Task to carry out:
Each line of the listing below that includes "banner" should be reported.

Material for this exercise:
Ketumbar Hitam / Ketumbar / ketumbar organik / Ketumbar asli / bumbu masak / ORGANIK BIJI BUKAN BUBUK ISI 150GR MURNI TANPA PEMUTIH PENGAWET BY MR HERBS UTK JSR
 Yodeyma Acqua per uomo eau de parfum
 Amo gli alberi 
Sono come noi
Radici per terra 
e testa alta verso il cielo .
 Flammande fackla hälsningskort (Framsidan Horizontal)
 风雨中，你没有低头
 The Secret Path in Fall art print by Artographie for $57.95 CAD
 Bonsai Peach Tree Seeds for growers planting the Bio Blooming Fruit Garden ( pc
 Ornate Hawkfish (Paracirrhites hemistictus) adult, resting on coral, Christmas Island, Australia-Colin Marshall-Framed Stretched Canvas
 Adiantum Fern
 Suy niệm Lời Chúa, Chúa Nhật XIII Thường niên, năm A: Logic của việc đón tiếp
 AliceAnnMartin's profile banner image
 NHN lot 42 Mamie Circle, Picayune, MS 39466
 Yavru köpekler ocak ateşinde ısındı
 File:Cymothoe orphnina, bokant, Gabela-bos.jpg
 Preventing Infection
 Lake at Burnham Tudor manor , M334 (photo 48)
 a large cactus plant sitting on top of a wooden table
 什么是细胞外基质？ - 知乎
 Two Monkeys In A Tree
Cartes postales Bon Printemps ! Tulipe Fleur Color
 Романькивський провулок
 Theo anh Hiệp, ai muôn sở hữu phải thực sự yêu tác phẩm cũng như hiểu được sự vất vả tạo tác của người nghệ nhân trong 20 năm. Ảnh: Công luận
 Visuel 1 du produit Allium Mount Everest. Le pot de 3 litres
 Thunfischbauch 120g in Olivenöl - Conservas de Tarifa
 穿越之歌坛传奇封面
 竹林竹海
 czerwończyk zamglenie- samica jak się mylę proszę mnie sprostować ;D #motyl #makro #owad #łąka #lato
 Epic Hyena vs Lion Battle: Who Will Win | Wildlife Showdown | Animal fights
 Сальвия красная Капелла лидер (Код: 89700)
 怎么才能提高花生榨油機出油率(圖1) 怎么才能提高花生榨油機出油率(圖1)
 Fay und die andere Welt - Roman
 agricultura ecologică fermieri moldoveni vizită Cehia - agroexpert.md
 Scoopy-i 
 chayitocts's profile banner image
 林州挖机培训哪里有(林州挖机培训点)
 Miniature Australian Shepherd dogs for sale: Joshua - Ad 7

Completed exercise:
 AliceAnnMartin's profile banner image
 chayitocts's profile banner image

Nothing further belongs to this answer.